Tuesday, March 3, 2009

Beauty Least Expected

by Lawrence H. Staples

Only in retrospect can we experience “sins” and flaws as something of real value. It is like finding something beautiful among the detritus of the psychic attic. It is like finding a Picasso and thinking initially that it was just a piece of old canvas. It is hard to dispute that there actually is a way of looking at flaws and sins that could make us grateful for them. Seeing that our flaws and sins are valuable is actually a fortunate insight and a numinous moment. It is an insight that comes from a prismatic view that reveals the full spectrum of our being in all of its varied colorations, both light and dark.

We cannot become whole until we perceive the value in the unacceptable opposites sufficiently to take them in our sinful embrace. Creativity helps us accomplish this embrace, as it demands some kind of intercourse of the archetypally masculine and feminine opposites. The opposites are always aspects of a single, deeper unity.
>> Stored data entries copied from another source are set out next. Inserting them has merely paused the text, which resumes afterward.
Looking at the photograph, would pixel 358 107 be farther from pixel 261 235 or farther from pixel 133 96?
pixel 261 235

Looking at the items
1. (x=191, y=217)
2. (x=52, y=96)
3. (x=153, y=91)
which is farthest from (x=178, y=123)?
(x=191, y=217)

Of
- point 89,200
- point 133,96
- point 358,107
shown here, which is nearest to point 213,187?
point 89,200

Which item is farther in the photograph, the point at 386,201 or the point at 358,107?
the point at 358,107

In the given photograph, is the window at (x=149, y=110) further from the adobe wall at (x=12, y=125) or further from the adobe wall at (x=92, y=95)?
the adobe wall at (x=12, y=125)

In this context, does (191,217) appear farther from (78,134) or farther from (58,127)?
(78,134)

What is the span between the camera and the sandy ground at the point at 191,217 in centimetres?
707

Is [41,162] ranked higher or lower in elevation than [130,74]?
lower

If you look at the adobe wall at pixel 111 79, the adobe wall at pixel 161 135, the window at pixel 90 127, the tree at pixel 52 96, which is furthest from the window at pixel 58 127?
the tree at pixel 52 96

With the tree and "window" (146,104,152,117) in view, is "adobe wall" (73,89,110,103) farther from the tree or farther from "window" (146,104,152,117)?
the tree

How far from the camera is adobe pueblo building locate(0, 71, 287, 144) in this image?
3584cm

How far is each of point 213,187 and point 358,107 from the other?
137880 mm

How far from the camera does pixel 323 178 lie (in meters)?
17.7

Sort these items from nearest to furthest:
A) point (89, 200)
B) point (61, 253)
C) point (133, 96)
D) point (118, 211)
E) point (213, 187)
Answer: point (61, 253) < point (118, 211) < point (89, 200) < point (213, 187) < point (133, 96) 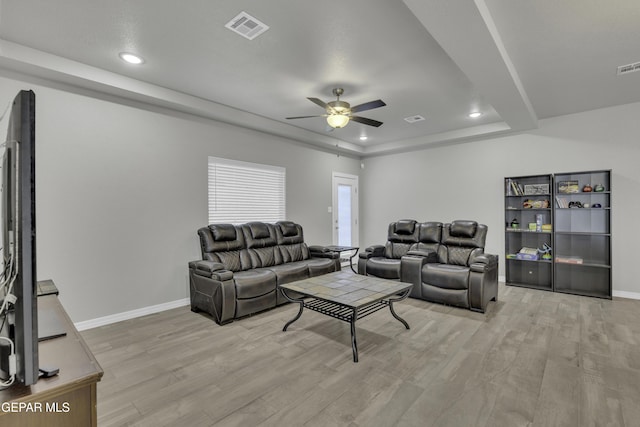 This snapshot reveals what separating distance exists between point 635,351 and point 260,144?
5096mm

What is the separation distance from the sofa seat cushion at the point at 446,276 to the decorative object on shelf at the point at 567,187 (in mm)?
2287

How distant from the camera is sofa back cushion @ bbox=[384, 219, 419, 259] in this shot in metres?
5.13

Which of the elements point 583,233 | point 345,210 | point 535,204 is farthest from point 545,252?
point 345,210

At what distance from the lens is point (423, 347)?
2.87 m

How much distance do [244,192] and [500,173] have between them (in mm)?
4491

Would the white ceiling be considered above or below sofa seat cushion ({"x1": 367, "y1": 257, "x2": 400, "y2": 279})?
above

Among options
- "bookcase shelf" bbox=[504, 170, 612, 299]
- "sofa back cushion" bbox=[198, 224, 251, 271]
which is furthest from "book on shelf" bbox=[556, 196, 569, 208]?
"sofa back cushion" bbox=[198, 224, 251, 271]

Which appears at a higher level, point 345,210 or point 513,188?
point 513,188

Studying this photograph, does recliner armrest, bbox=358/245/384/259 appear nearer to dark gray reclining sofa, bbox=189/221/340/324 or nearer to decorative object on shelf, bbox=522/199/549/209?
dark gray reclining sofa, bbox=189/221/340/324

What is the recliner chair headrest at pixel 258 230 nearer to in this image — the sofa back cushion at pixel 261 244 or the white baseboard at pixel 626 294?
the sofa back cushion at pixel 261 244

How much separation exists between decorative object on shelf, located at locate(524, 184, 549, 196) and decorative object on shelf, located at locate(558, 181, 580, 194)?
18cm

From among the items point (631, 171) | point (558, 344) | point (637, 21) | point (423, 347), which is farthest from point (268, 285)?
point (631, 171)

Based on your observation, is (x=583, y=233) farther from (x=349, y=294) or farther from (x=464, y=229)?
(x=349, y=294)

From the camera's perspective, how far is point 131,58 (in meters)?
3.04
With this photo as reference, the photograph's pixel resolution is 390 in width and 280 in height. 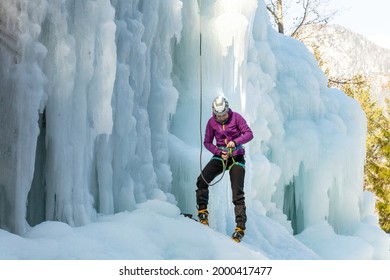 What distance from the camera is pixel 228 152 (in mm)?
5672

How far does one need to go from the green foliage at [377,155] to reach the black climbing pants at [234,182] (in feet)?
45.4

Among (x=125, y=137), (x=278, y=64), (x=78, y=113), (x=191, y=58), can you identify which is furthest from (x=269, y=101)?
(x=78, y=113)

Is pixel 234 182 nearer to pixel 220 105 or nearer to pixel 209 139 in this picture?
pixel 209 139

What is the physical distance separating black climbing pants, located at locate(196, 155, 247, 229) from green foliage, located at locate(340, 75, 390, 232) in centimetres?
1384

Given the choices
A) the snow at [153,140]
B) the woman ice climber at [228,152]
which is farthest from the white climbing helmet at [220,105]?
the snow at [153,140]

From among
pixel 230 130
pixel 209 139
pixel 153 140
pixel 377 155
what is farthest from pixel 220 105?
pixel 377 155

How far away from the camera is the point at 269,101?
32.2ft

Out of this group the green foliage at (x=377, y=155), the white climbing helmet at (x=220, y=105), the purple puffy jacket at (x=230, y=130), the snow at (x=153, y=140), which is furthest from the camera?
the green foliage at (x=377, y=155)

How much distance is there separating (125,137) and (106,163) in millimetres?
413

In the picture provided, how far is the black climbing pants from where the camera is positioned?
5675 millimetres

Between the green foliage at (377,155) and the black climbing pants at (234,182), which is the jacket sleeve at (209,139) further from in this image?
the green foliage at (377,155)

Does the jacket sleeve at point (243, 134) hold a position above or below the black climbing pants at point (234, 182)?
above

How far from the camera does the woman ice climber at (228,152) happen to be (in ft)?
18.5

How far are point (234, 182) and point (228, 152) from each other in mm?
298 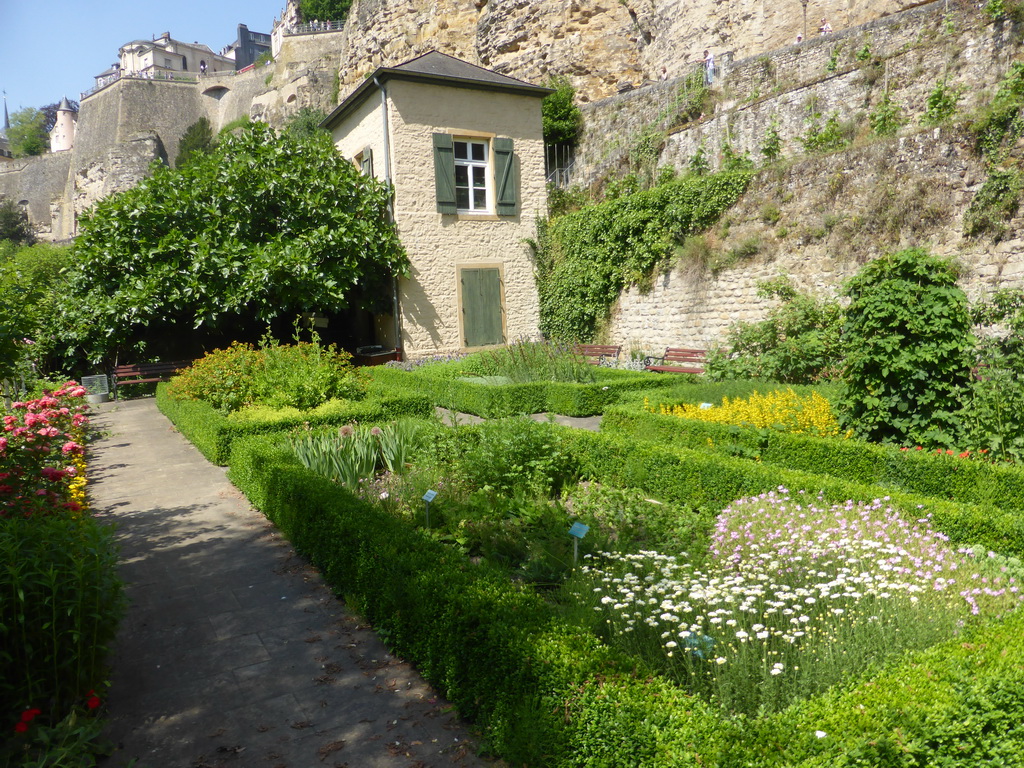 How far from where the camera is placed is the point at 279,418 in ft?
26.7

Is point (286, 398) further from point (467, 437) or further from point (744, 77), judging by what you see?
point (744, 77)

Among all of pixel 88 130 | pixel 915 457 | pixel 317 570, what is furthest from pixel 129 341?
pixel 88 130

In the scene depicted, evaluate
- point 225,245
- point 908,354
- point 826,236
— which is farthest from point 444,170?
point 908,354

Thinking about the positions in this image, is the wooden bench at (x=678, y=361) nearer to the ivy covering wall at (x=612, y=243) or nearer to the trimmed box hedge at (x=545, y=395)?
the ivy covering wall at (x=612, y=243)

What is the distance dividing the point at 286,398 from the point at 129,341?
8.32 metres

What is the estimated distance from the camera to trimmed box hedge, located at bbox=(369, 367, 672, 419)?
9906mm

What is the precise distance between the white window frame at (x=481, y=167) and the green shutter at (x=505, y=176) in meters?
0.18

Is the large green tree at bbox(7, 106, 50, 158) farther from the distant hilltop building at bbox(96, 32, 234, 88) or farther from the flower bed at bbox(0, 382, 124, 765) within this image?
the flower bed at bbox(0, 382, 124, 765)

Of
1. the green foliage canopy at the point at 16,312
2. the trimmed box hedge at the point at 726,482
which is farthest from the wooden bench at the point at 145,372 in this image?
the trimmed box hedge at the point at 726,482

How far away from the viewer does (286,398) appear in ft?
29.5

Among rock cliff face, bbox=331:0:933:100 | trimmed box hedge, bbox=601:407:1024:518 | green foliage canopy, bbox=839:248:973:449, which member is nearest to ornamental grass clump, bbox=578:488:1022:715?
trimmed box hedge, bbox=601:407:1024:518

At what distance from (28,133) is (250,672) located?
286 ft

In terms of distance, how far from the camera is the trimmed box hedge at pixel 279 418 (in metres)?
7.88

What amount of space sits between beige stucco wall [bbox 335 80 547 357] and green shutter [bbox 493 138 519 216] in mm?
218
In this life we are never free of the conflict of opposites and the inner tension generated by attraction and repulsion. The conflict of opposites is the biggest problem we confront. We can diminish the natural conflict between the opposites, but we cannot eliminate it. In fact, to be entirely liberated from this conflict is to be dead; it is the dynamic tension between the opposites that generates consciousness and the inner electrical energy that we call life. This tension brings life and its difficulties at the same time. The tension that brings us life, which we want, also brings us stress, which we do not want. As in most things human, to repeat Freud’s oft-used phrase, we wish to have our cake and eat it, too. We wish to surrender our life’s difficulties without surrendering our life. And as if it were not enough to know that we must suffer if we are to live, we eventually learn that increased consciousness also brings increased tension. The more aware we become of previously unconscious opposites, the more tension we must bear.

The safest place is a point between the opposites. There lies a sanctuary, a temporary place of refuge. Creative production helps us find that place because the process of creating leads us to the place where creativity dwells. Drugs and alcohol, money, power and other external stimulants are poor substitutes for finding that place. The advantage of creative production is that we need not go elsewhere. We do not need to leave the house to find a church or a sacred place or a drink or a fix. Our safe haven lies between our ears and within our hearts, in our own creativity.